== Listed entries
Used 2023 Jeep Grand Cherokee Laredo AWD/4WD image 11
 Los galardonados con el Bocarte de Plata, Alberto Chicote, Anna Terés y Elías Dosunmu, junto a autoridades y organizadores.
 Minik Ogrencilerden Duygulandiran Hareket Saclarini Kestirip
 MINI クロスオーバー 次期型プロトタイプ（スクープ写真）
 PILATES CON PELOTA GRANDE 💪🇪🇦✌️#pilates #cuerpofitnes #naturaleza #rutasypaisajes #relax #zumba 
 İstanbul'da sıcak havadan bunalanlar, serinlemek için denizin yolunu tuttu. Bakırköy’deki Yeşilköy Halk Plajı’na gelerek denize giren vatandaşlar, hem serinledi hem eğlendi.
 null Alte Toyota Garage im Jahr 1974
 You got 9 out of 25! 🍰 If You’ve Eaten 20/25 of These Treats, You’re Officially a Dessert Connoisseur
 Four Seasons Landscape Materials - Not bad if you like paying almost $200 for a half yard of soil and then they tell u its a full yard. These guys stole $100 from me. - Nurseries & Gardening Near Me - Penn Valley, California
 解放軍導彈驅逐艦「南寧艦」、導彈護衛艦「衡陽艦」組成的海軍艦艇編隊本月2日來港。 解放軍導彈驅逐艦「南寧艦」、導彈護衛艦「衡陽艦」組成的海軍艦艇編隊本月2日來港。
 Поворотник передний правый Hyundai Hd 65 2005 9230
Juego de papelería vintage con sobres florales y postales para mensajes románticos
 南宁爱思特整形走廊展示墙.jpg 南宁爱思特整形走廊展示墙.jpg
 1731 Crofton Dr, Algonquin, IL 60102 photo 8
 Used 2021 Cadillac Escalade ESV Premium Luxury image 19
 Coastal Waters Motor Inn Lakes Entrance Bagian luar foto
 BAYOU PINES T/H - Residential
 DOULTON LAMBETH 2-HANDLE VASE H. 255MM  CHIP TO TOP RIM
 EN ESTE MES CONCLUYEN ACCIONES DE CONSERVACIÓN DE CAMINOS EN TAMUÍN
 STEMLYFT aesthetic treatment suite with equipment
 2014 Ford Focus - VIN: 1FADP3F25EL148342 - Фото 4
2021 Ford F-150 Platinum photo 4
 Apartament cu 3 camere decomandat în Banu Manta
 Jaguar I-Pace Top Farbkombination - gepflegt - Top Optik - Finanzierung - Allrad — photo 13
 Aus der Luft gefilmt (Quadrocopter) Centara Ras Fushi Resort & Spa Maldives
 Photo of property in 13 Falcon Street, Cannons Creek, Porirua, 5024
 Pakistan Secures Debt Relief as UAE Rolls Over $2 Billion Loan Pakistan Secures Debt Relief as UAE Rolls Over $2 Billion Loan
====
**Work request**.
Among the records above, find the lines where the word "image" appears and copy them.

**Your solution**.
Used 2023 Jeep Grand Cherokee Laredo AWD/4WD image 11
 Used 2021 Cadillac Escalade ESV Premium Luxury image 19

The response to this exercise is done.